How DIGIT Created High Availability on the Public Cloud to Keep Its Games Running

407

The mobile gaming company must deliver a seamless experience for its gamers and allow for spikes in player activity on its Massively Multiplayer Online gaming platform. That’s why the company built a high-availability infrastructure that runs on Amazon Web Services (AWS) and allows them to launch a cluster in less than 5 minutes using Apache Mesos.

We want to enable developers to iterate fast on their ideas and to be able to deploy new code changes as fast as possible,” say DevOps engineer Emmanuel Rieg and build and release engineer Ross McKinley, below.  “We’re aiming at deploying multiple times a week, whenever a given feature is stable or bug is fixed.”

Rieg and McKinley will give a talk next week at MesosCon Europe on how they went from a blank canvas AWS account to a fully functional PaaS, to set up their immutable infrastructure.  Here they give a short preview of their talk and share tips for developing on top of Mesos.

Emmanuel Rieg
Linux.com: Why do you build your applications on AWS?

Emmanuel & Ross: We are very impressed by the diversity of services offered by Amazon. This is coupled with good AWS support in other tools we use. Developer friendliness is really important to us. The ability to run our cluster in an isolated environment (VPC) was a deciding factor.

Linux.com: How do you create high availability on the public cloud?

Emmanuel & Ross: HA is achievable on the public cloud. In our case, we couple redundancy across Availability Zone (AZ) with monitoring and autonomous systems to ensure our games can keep running. Using only one AZ will not ensure HA, as that entire zone could fail for a short time. Each of our applications runs in multiple containers at the same time. They’re are all being monitored to handle current load. When one container is down, another takes its place. The same applies for all parts of our infrastructure. All services are autoscaling and behind a service discovery system. On top of this, nodes in our cluster are deployed across multiple AZs, each of which being an isolated network with its own NAT gateway. This way we can survive a whole zone going down.

Ross McKinley

Linux.com: What role does Mesos play in your infrastructure?

Emmanuel & Ross: Mesos is the foundation we use to run all of our environments. This allows us to scale quickly, handle spikes in players gracefully, and enables our tech teams to develop with velocity.

Linux.com: Why is speed (i.e., launching a cluster in under 5 minutes) important to your business?

Emmanuel & Ross: As we use an Immutable Infrastructure, many components can be affected when performing large updates. Keeping the feedback loop short on infrastructure changes enables us to react to problems and deploy fixes with minimal user impact.

We want to enable developers to iterate fast on their ideas and to be able to deploy new code changes as fast as possible.We’re aiming at deploying multiple times a week, whenever a given feature is stable or bug is fixed. This also enables us to roll back awry deployments.

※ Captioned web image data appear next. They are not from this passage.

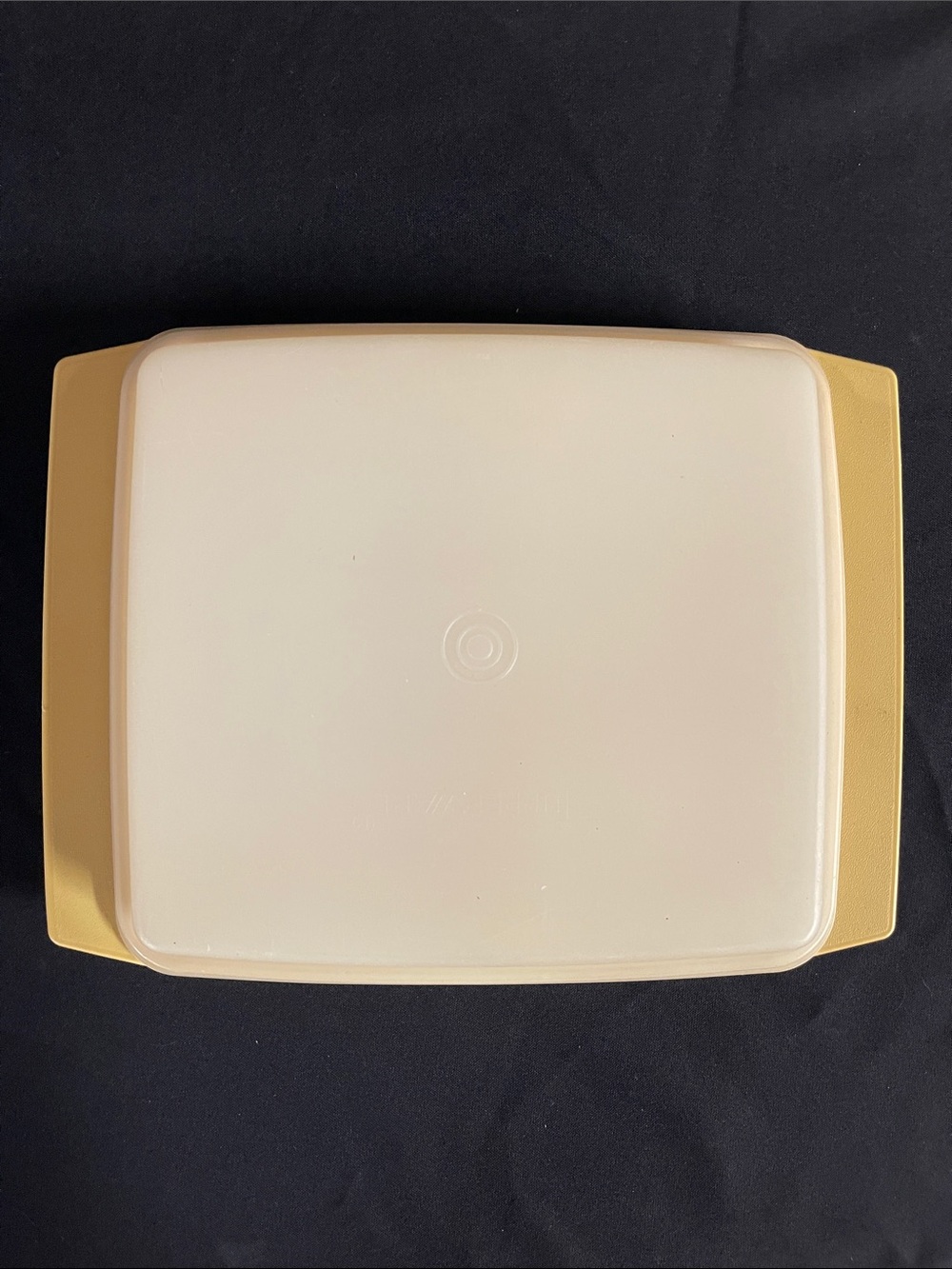 Vintage Tupperware Harvest Gold Deviled Egg Holder Carrier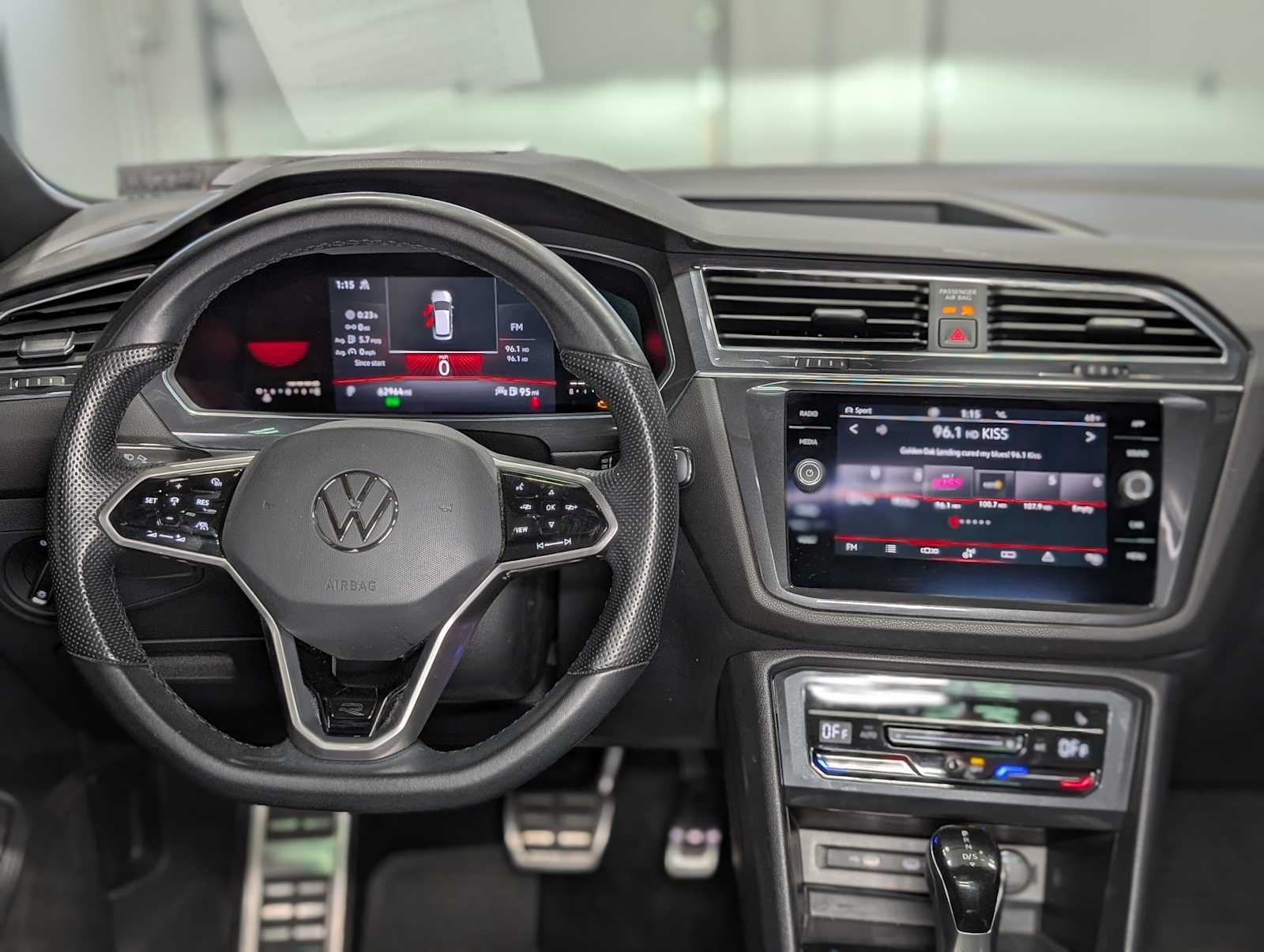 Used 2022 Oryx White Pearl Volkswagen SE R-Line Black image 5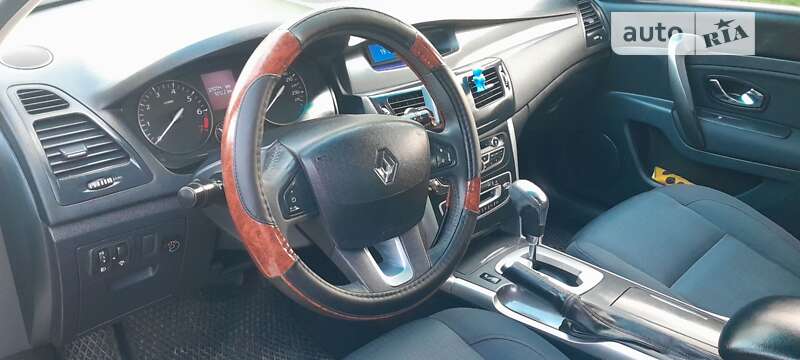 Седан Renault Latitude 2012 в Богородчанах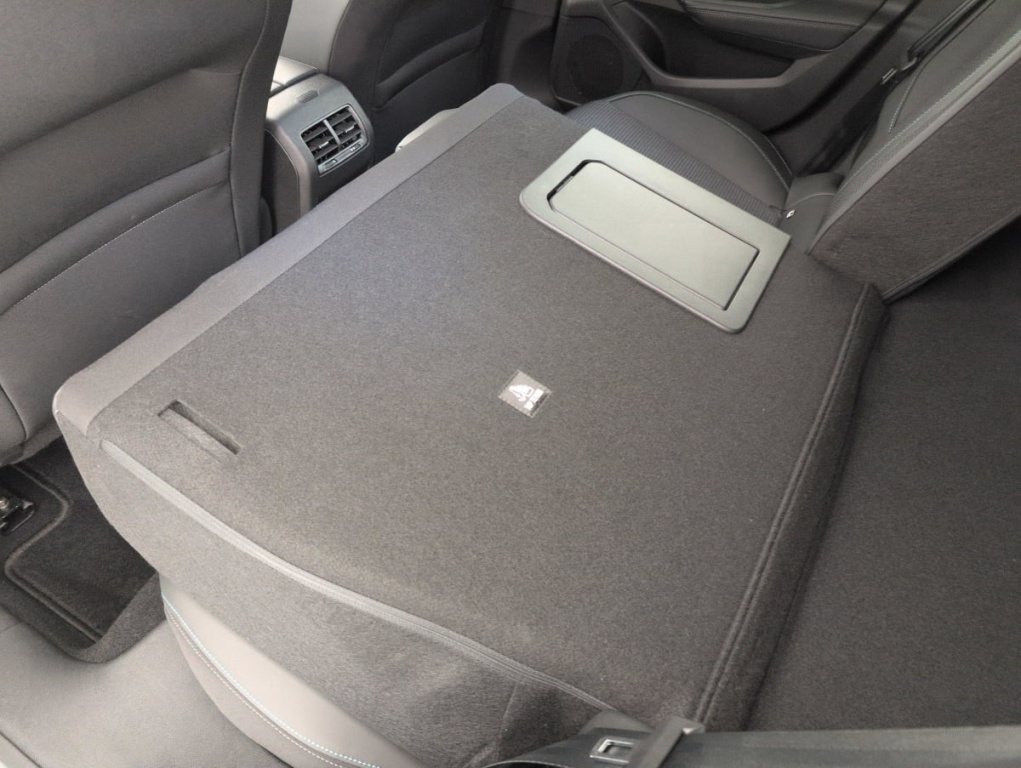 PEUGEOT 308 PHEV 180 e-EAT8 Allure - ref: 1-401669 - Photo 12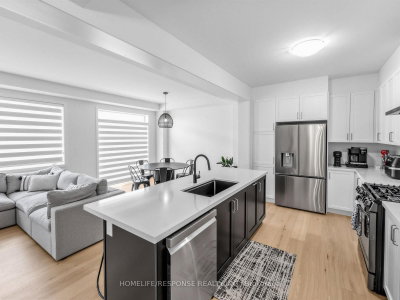 13 Stanley Leitch Drive — more photos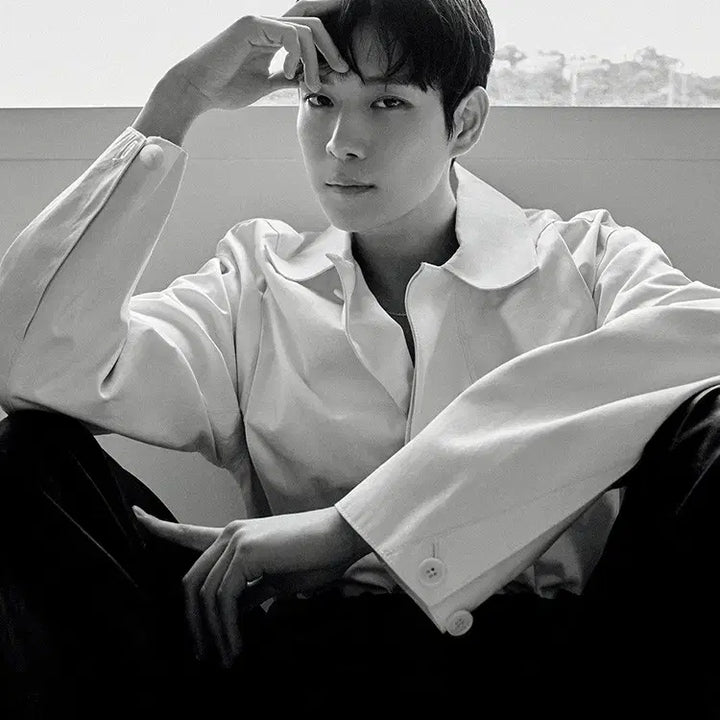 [BUNJANG] Marie Claire Magazine feat. Kim Young-dae Pictorial &amp; Interview (Penthouse Era) / (마지막 한권)<친애하는 X> 배우 김영대님 화보와 인터뷰가 실린 마리끌레르 잡지 양도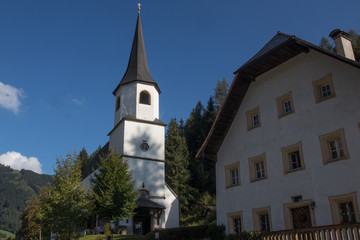 Fototapeta na wymiar Church of Werfenweng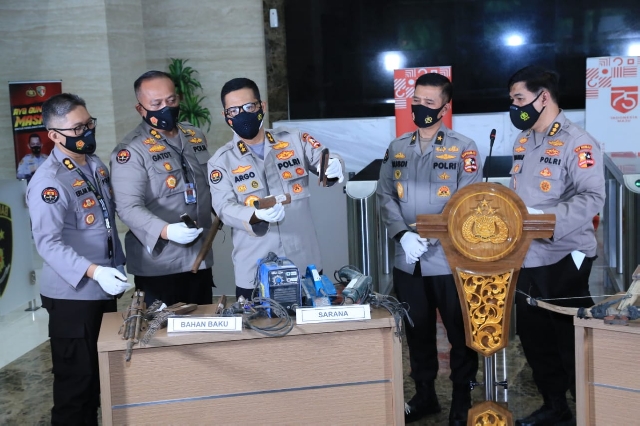 Densus 88 Ungkap Bungker Teroris Kelas Kakap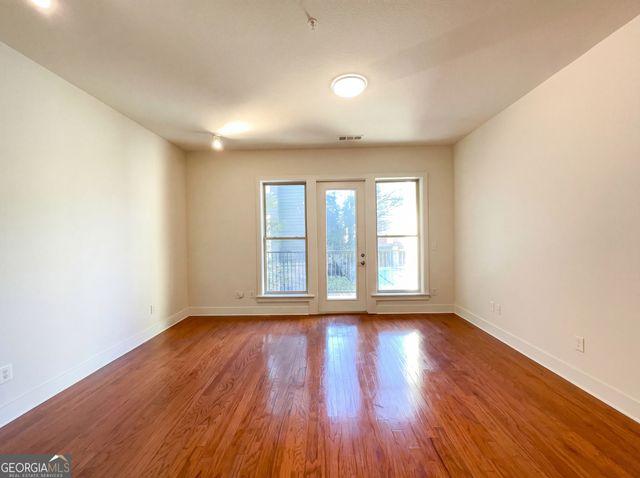 1195 Milton Terrace SE 2204, Atlanta, GA 30315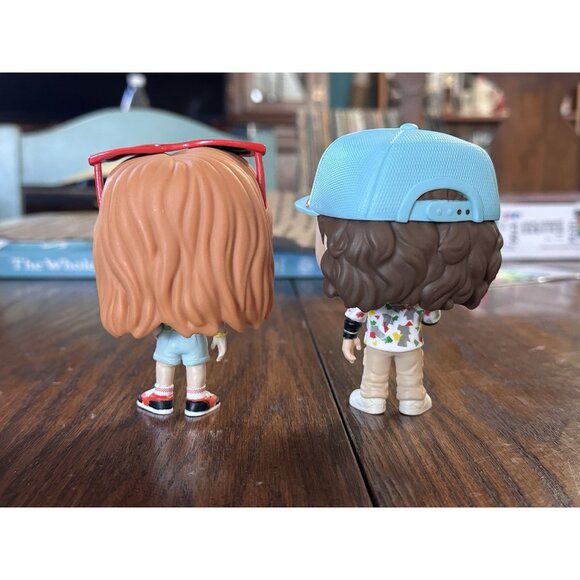 Lot Of 4 Stranger Things Funko Pops Dustin, Robin, Eleven, Max - Picture 6 of 6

Linux.com: What is your top tip for creating development environments on top of Mesos?

Emmanuel & Ross: Have a comprehensive Monitoring solution, automate everything, and codify your infrastructure.

Good monitoring is the key to a successful development environment. Without Monitoring, you’re flying blind and will have a hard time tracking down issues.

A fully automated continuous delivery system for validating and pushing changes makes it easy to ensure that bad practices, like manual intervention and works-of-art, are avoided.

Infrastructure-as-Code is mandatory to prevent servers and infrastructure becoming a work-of-art which cannot be replicated. Treat your servers as cattle, each one is fully replaceable at any time.

 

Join the Apache Mesos community at MesosCon Europe on Aug. 31 – Sept. 1, 2016! Look forward to 40+ talks from users, developers and maintainers deploying Apache Mesos including Netflix, Apple, Twitter and others. Register now.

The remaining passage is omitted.